● **Prompt**:
Exactly as written, return every line of the data below apart from the pictures.

● **Data shown**:
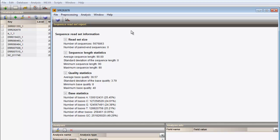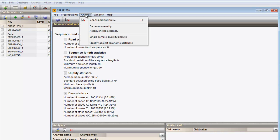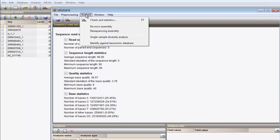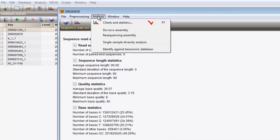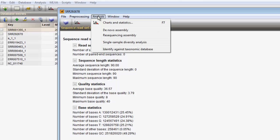From the Sequence Read Set experiment card, different analyses can be launched on the preprocessed data. Three analysis types are available: first, the charts and statistics functionality; second, two different assembly analyses; and third, two metagenomics approaches.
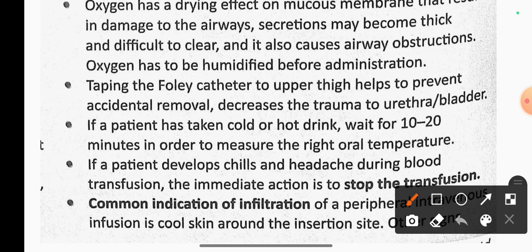If patients develop chills and headache during blood transfusion, the immediate action is to stop the transfusion. This is the appropriate response to a transfusion reaction.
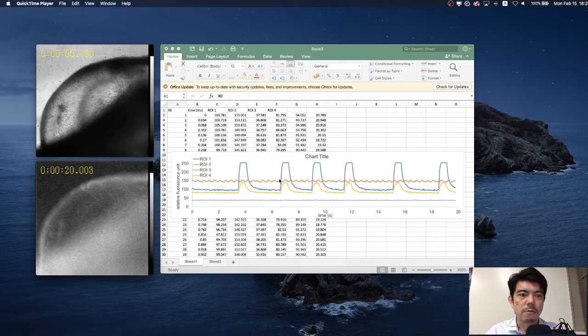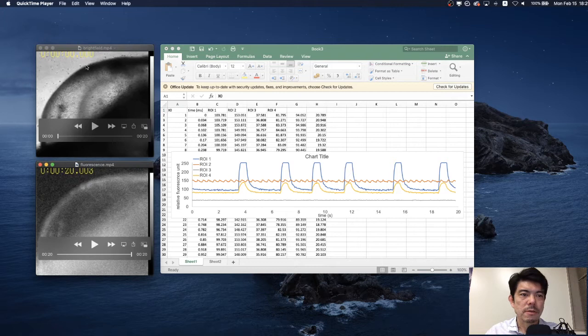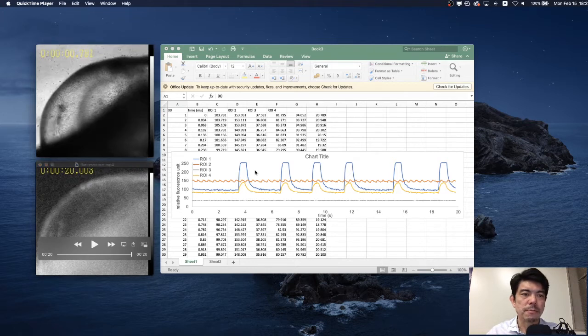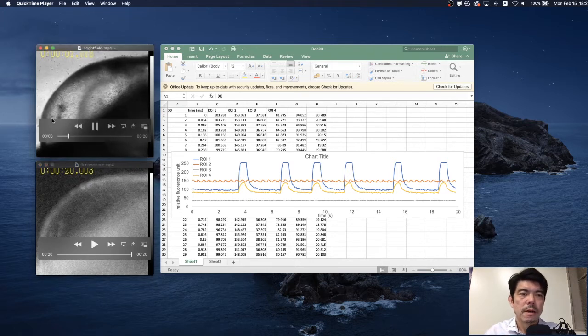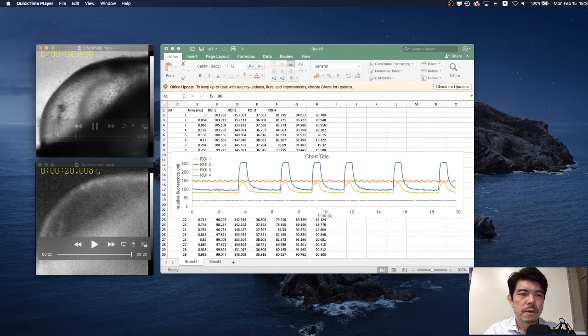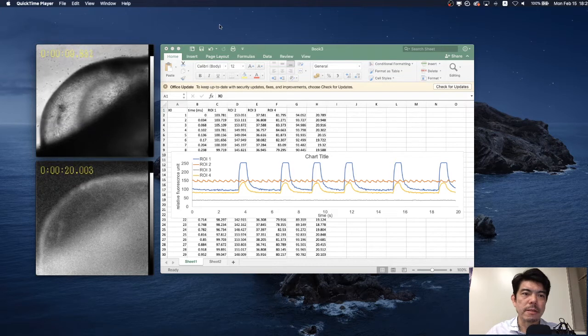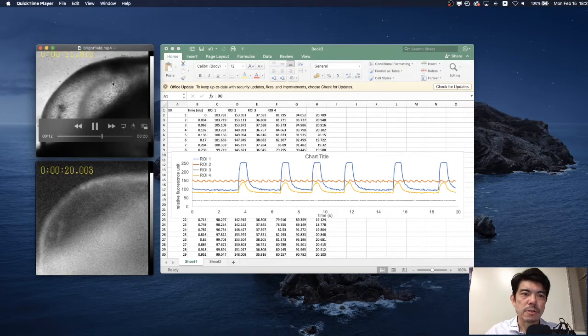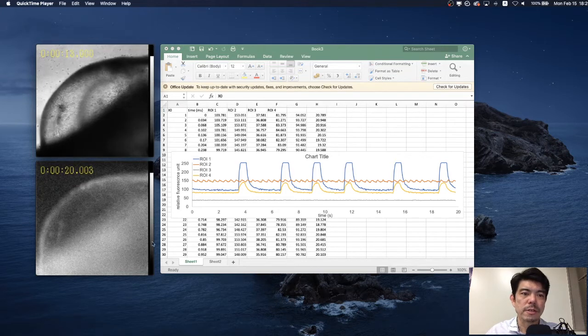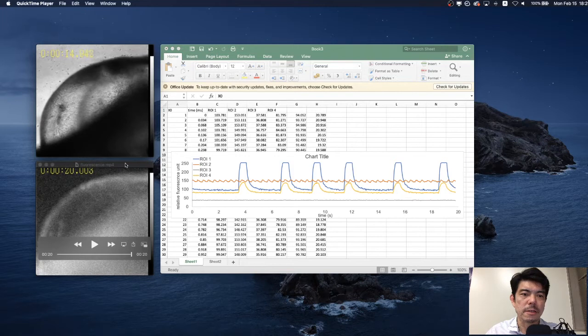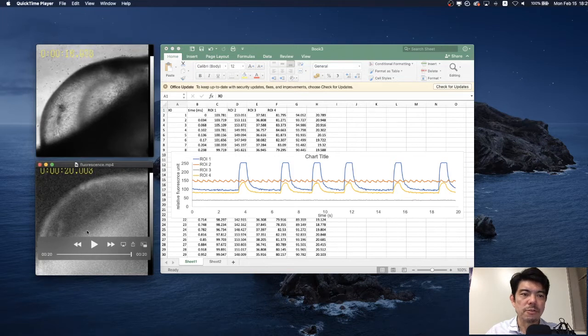Alright, so here is actually the bright field image of these IPS cells. Obviously we can see the spontaneous contraction here and we are interested in the fluctuation in the intracellular calcium level.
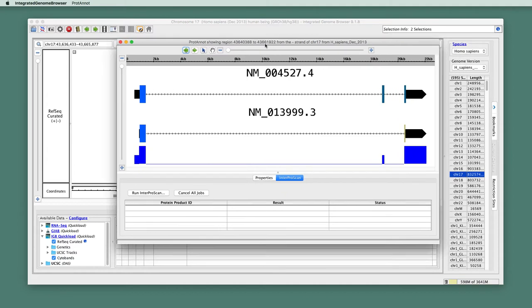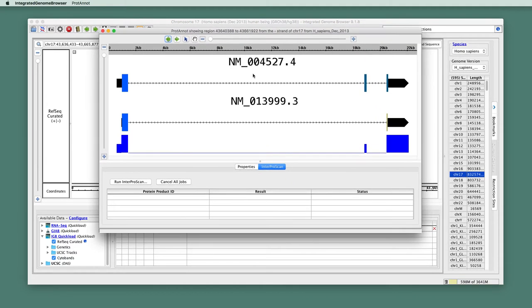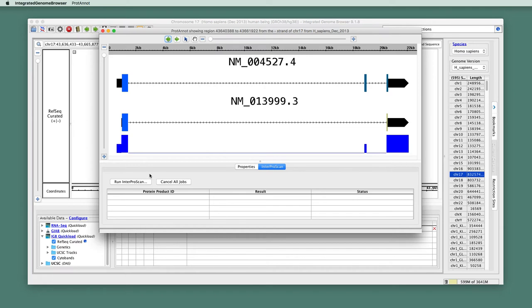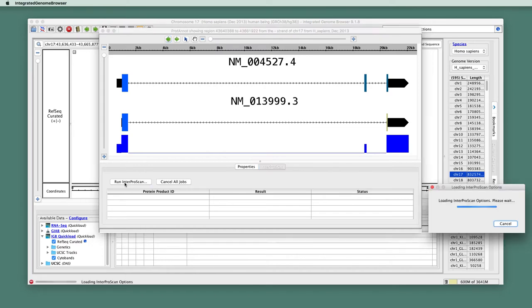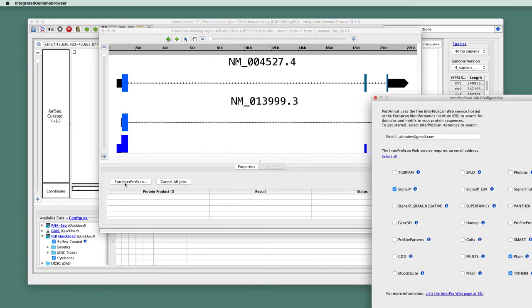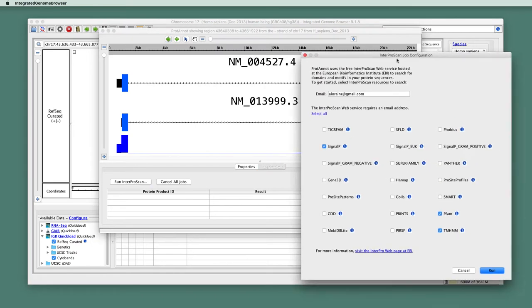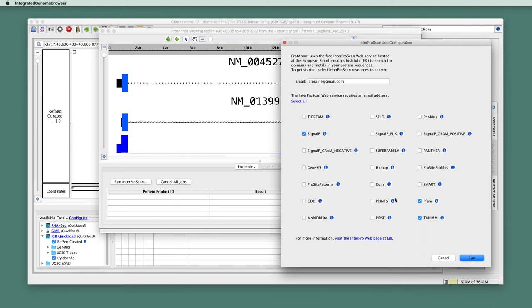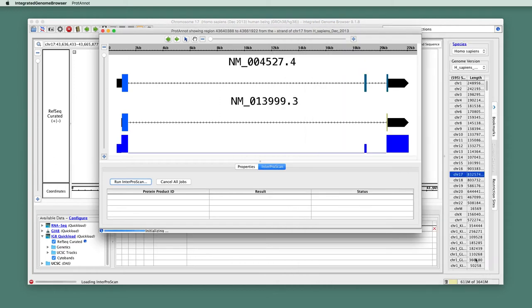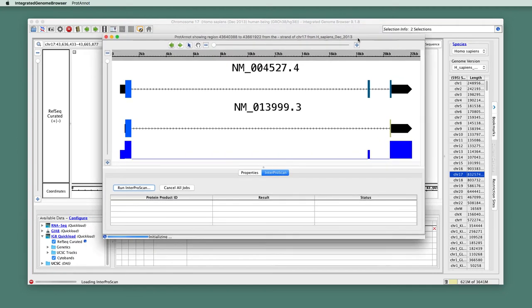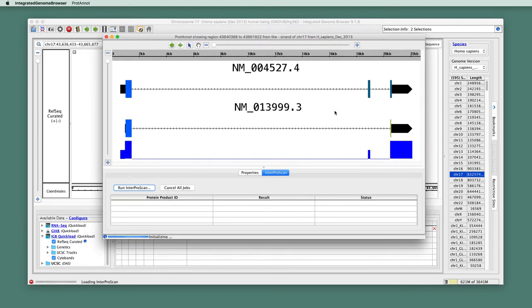So to run ProtoNote, what ProtoNote does is it will send a query to a remote server asking the server to search for conserved motifs in the gene models on display. So to run it, we just click Run ProtoNote, Run InterProScan, and we are shown a new screen where we can select the different libraries that we'd like to run. I'm happy with these selections, so I'll just click Run.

● **Result of this task**:
From the Sequence Read Set experiment card, different analyses can be launched on the preprocessed data. Three analysis types are available: first, the charts and statistics functionality; second, two different assembly analyses; and third, two metagenomics approaches.
If patients develop chills and headache during blood transfusion, the immediate action is to stop the transfusion. This is the appropriate response to a transfusion reaction.
Alright, so here is actually the bright field image of these IPS cells. Obviously we can see the spontaneous contraction here and we are interested in the fluctuation in the intracellular calcium level.
So to run ProtoNote, what ProtoNote does is it will send a query to a remote server asking the server to search for conserved motifs in the gene models on display. So to run it, we just click Run ProtoNote, Run InterProScan, and we are shown a new screen where we can select the different libraries that we'd like to run. I'm happy with these selections, so I'll just click Run.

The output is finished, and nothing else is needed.